After a year online the free speech-focused instance ‘Burggit’ is shutting down. Among other motivations, the admins point to grievances with the Lemmy software as one of the main reasons for shutting down the instance. In a first post asking about migrating to Sharkey, one of the admins states:

This Lemmy instance is much harder to maintain due to the fact that I can’t tell what images get uploaded here, which means anyone can use this as a free image host for illegal shit, and the fact that there’s no user list that I can easily see. Moderation tools are nonexistent on here. It also eats up storage like crazy due to the fact that it rapidly caches images from scraped URLs and the few remaining instances that we still federate with. The software is downright frustrating to work with, and It feels less rewarding overall putting effort into this instance because it feels like we’re so isolated.

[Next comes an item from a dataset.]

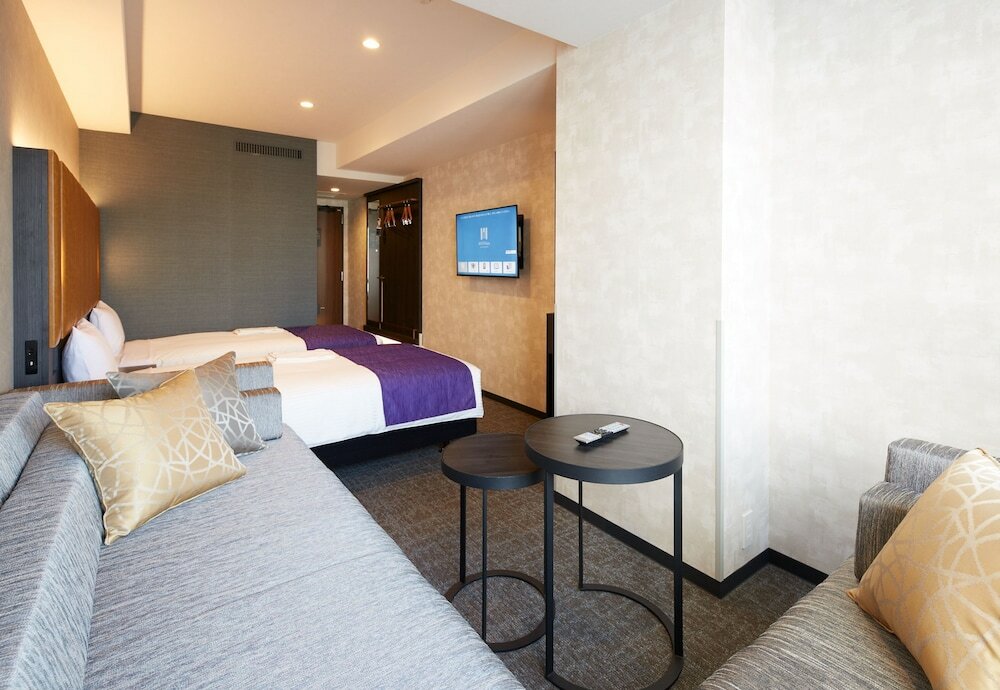 Фото Hotel MONday Kyoto Marutamachi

A few weeks later, in the post announcing that Burggit was shutting down, another admin says the same:

The amount of hoops that burger has to go to in order to bring you this site is ridiculous. To give you an idea of how bad this software is, there’s no easy way to check all the images uploaded to the site (such as through private messages). When the obvious concern of potential illegal imagery is brought up to lemmy devs, they shrug and say to plug in an expensive AI image checker to scan for illegal imagery. That response genuinely has me thinking that this is by design, and they want it to be like this. We can’t even easily look at the list of registered users without looking through the DB, absolute insanity.

The other thing is there’s no real way to manage storage properly in Lemmy, the storage caches every image ever uploaded to any instance forever.

Also the software is constantly breaking.

They also say that Kbin has many of the same problems, so I’m just curious to know if the admins of bigger Lemmy & Kbin instances feel the same way about these software.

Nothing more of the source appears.